Konrad Schmid, Abteilungsleiter im Bayerischen Landwirtschaftsministerium, betonte die große Herausforderung, die Öko-Regelungen so zu gestalten, dass sie breit wirksam seien und Betrieben ein Einkommen ermöglichten. Trotz vieler offener Fragen und „Ungereimtheiten“ etwa hinsichtlich der Schnittstellen zwischen der ersten und zweiten Säule, plädierte der Sachverständige dazu, die Gesetzentwürfe „schnell zu verabschieden“ und Änderungen dann nachträglich vorzunehmen. So könne verhindert werden, dass Betriebe komplett ausstiegen und sich den Steuerungsmaßnahmen entzögen.

Phillip Brändle, Mitglied des Bundesvorstands der Arbeitsgemeinschaft bäuerliche Landwirtschaft (AbL) sprach sich ebenfalls für ein größeres, schrittweise ansteigendes Budget für die Öko-Regelungen aus. Nur so gelinge allen Betrieben der Übergang beim Umgang der GAP weg von einer pauschalen Flächenförderung, so Brändle. Die Öko-Regelungen sollten mit Anreizen und anhand eines Punktesystems ausgestaltet werden. Damit lohnten sich die Regelungen ökologisch - und ökonomisch für die Bauern.

Jürgen Metzner, Geschäftsführer des Deutschen Verbandes für Landschaftspflege (DLV) vermisste bei den Öko-Regelungen ein schlüssiges Gesamtkonzept. Ein punktebasiertes Bewertungssystem, wie es Landschaftspflegeverbände im Rahmen eines Gesamtpakets mit dem Titel „Gemeinwohlprämie“ vorgelegt hätten, könne diese Lücke schließen, zeigte sich der Experte überzeugt und appellierte an den Bundestag, dieses gesetzlich zu verankern.

Für die Schaffung von Förderangeboten speziell für Frauen in der Landwirtschaft trat Juliane Vees als Vertreterin des Deutschen LandFrauenverbands ein.
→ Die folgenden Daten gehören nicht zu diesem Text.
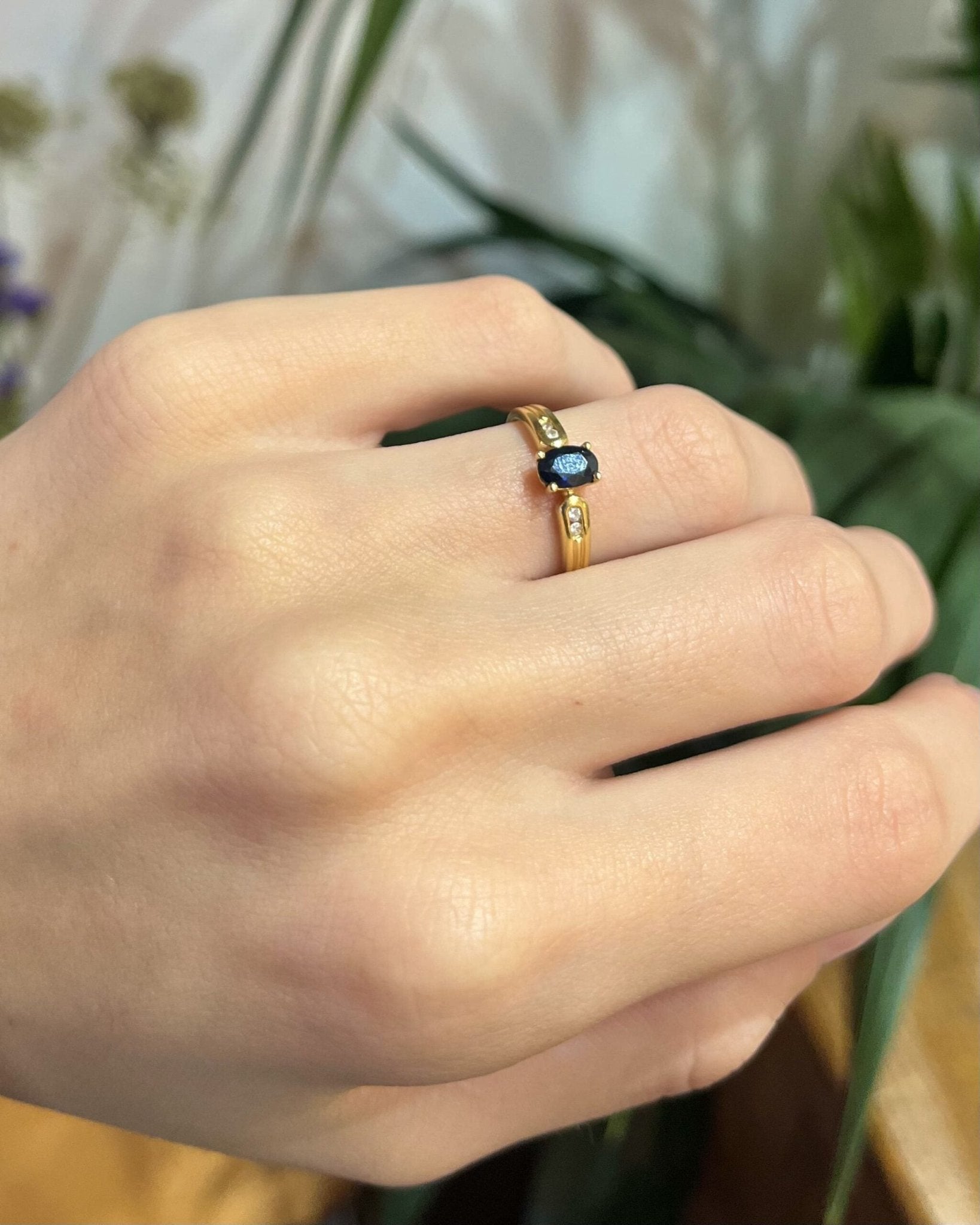 Bague Solitaire Saphir &amp; 4 Diamants "Rita" - Elliade Paris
Der Umbau der GAP böte hierfür neue Chancen. Frauen in ländlichen Regionen seien immer noch strukturell stärker benachteiligt als Frauen in städtischen Regionen. Dies sei einer der Gründe für ihre überproportional starke Abwanderung. Um das zu ändern, den Anteil von Betriebsleiterinnen und weiblichen Hofnachfolgen in der Landwirtschaft zu erhöhen, brauche es eine speziell zugeschnittene Förderung etwa bei der Existenzgründung und Angebote für eine bessere Vereinbarkeit von Beruf und Familie.
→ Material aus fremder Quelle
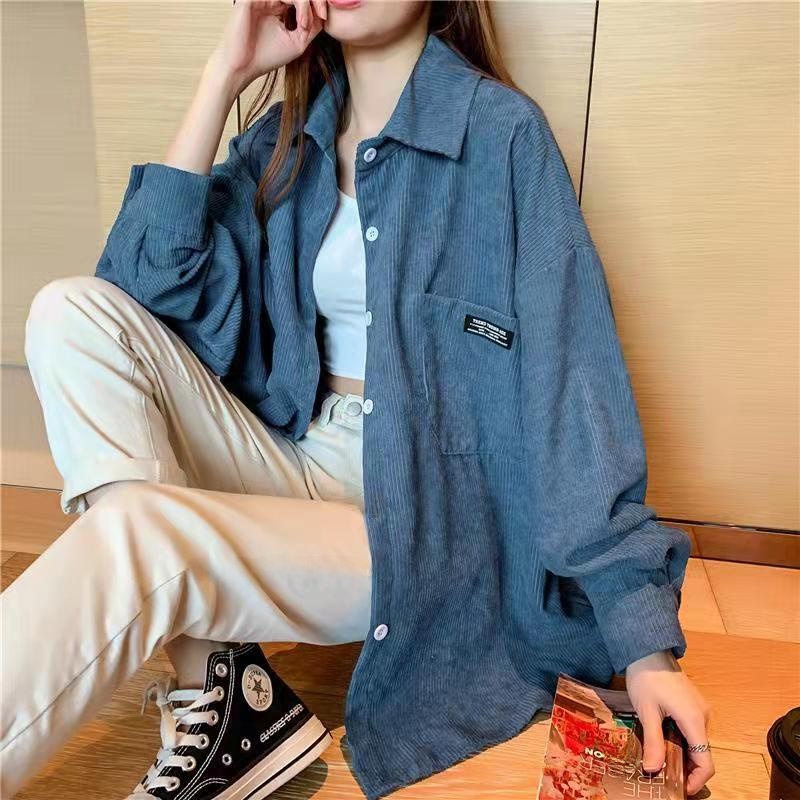 Vintage Fashion Hong Kong - เสื้อแจ็คเก็ตผ้าลูกฟูกผู้หญิงทรงหลวมแฟชั่นฤดูใบไม้ร่วงฤดูหนาวเสื้อคลุมสไตล์วินเทจฮ่องกงเสื้อเชิ้ตติดกระดุมคอยาว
Komplett ablehnend stand schließlich Reinhard Jung für die Freien Bauern Deutschland den Gesetzentwürfen der Bundesregierung gegenüber: Zur Klärung der großen Fragen „Bauernhöfe oder Agrarkonzerne“ oder zum Verhältnis von Landwirtschaft und Naturschutz trügen diese nichts bei. Die Bundesregierung nutze ihre Spielräume nicht, über eine agrarstrukturelle Ausrichtung der Direktzahlungen dem zunehmenden „Ausverkauf“ der landwirtschaftlichen Betriebe in Ostdeutschland an Investoren einen Riegel vorzuschieben. Die „grüne Architektur“ der GAP biete zudem lauter Anreize zur Flächenstilllegung und werde zu „zwei bis drei Prozent weniger landwirtschaftlicher Erzeugung in Deutschland führen“, warnte der Sachverständige. Das habe nichts mit Umweltschutz und Biodiversität zu tun.